According to the release, May saw the official ("U-3") unemployment rate rise from 8.9 to 9.4 percent-a full half percent increase, for the second month in a row.
The "U-6 measure," the fullest calculation of "labor underutilization" regularly reported in the BEA stats (counting not just "total unemployed" but also marginally attached workers, discouraged workers and involuntary part-timers) went up from 15.8 percent of the work force in April to 16.4 percent in May.
Once again, this bad news is being packaged as a "good news, bad news" deal.
The good news is that the job loss rate is slowing. What this means when you look at the actual numbers is that 345,000 jobs were lost in May-a lousy number, but still less than the half million-plus seen in recent months.
Yet, the overall 9.4 percent number that resulted from this slower pace of loss is worse than what was expected (apparently, a 9.2 percent unemployment rate).
This implies a contradiction which has not been commented on (how can fewer job losses than expected track with more unemployment than expected?), and so one has to look below the surface of that number.
As it happens, the category that saw the main increase is people coping with long-term (15 weeks+) unemployment, which went up from 4 to 4.5 percent of the work force, this happening without depleting the other categories covered, there being "more where they came from."

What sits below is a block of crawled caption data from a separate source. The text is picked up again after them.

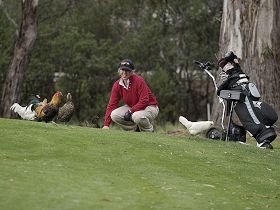 Tasmania Golf Club - The - ACT Tourism 0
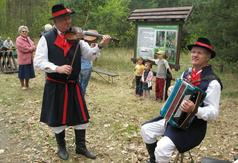  (link otworzy duże zdjęcie)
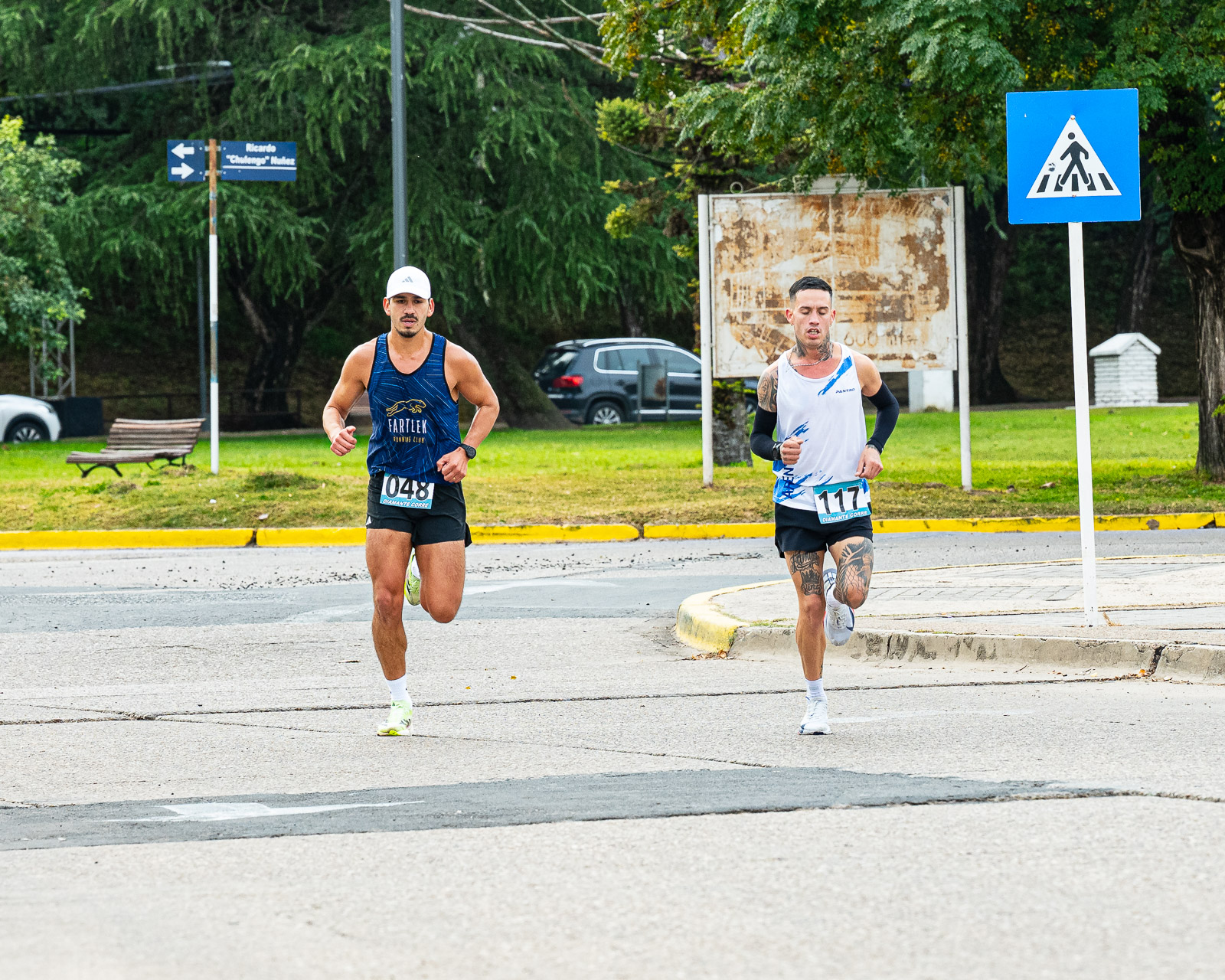 Foto Dorsal 048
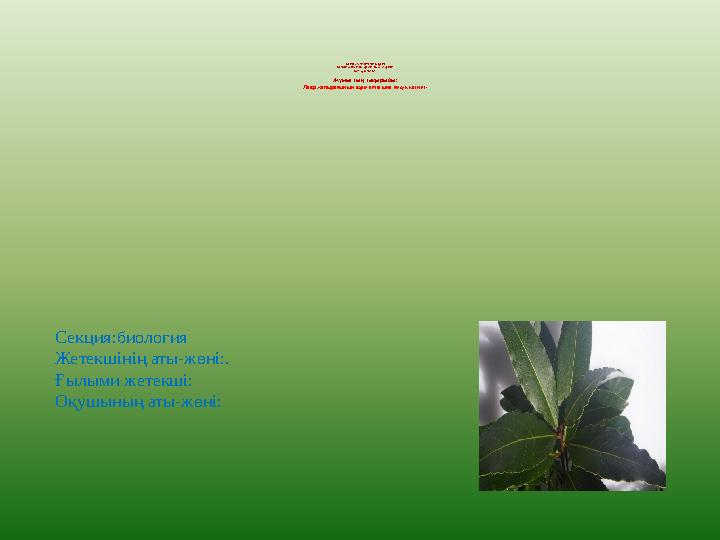 Біздің веб-сайт пайдаланушыларының мүшелері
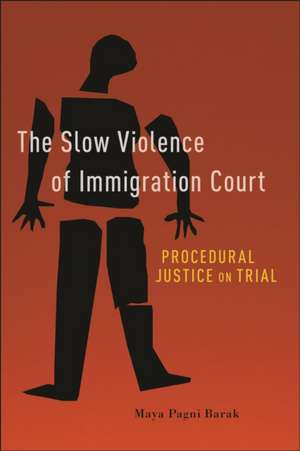 The Slow Violence of Immigration Court – Procedural Justice on Trial de Maya Pagni Barak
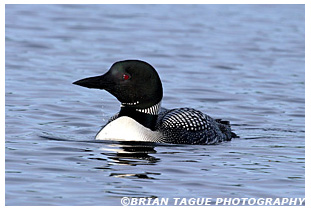 Common Loon - Maine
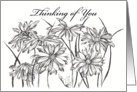 Thinking of You Black White Daisy Flower Garden card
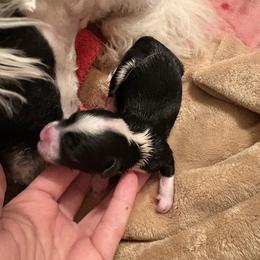 Cupid - Black and white male Chinese Crested puppy in Fort Myers Beach, Florida from Posh Poodles & Chinese Cresteds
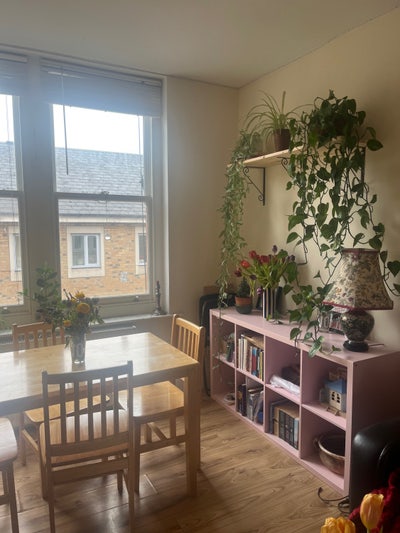 Lovely double room available in 2 bed flat Main Photo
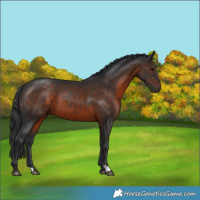 Horse Color:Brown 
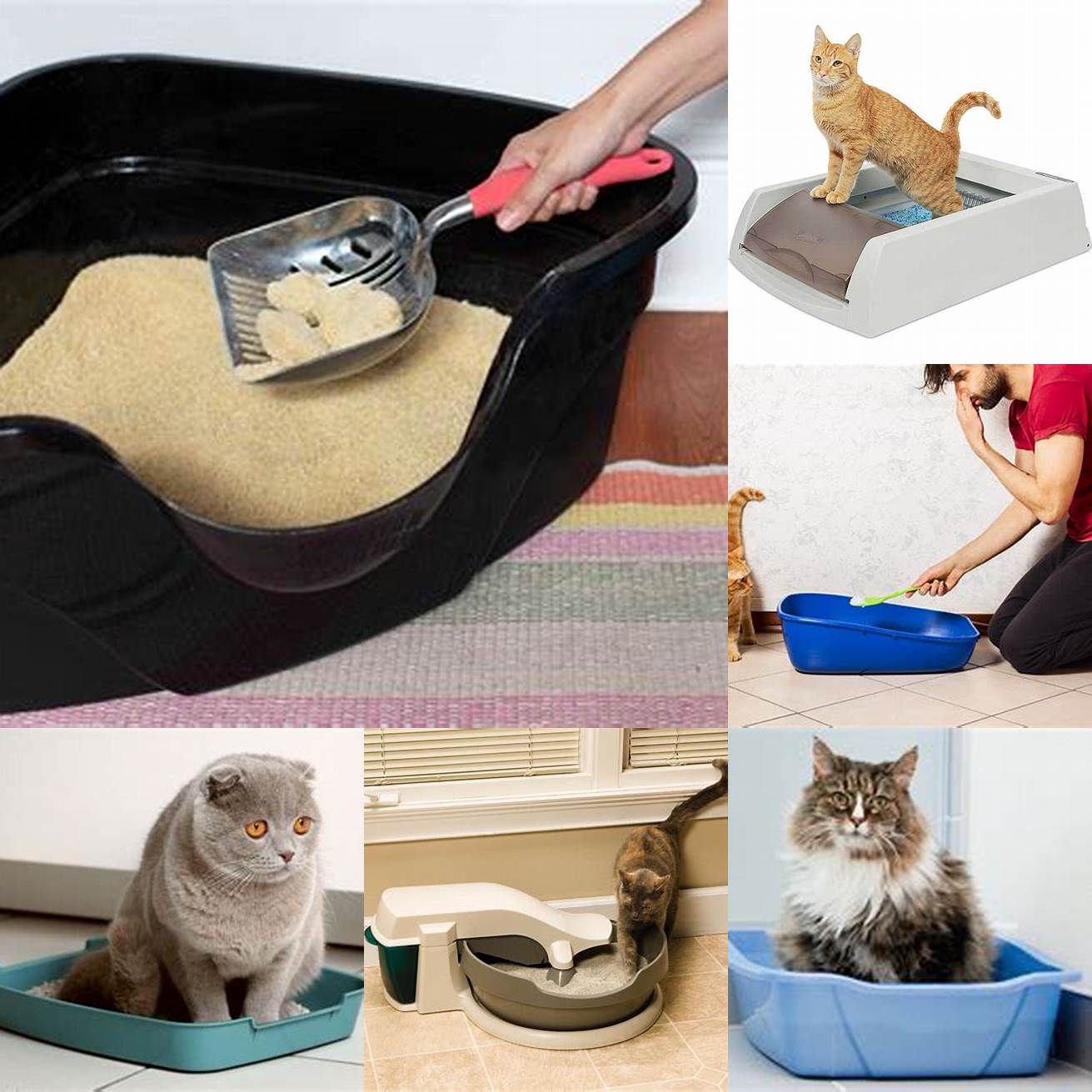 Keep your cats litter box clean and disinfected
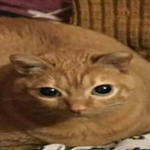 Leni73’s raid group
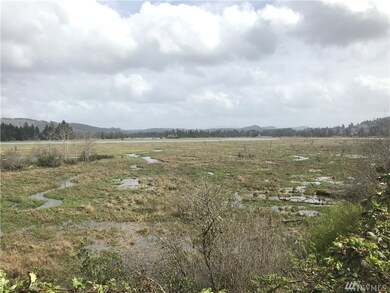 0 14th St & Monohon Landing Rd, Raymond, WA 98577 - photo 3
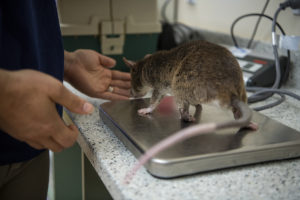 weighing a pouched rat
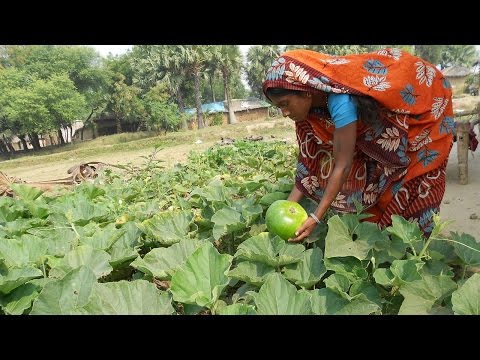 Plant Kitchen Gardens for Families in Need, India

One explanation for this is that more people are participating in the labor force. There is a tendency to think of this as an unusual, temporary aberration, but it may plausibly be taken to mean that the hard times have driven a certain percentage of people who earlier didn't feel that they had to work to look for employment (retirees who have watched their investments vanish; members of households coping with the loss of income, etc.)-skewing the figures perhaps, but in a way that reflects the current difficulties.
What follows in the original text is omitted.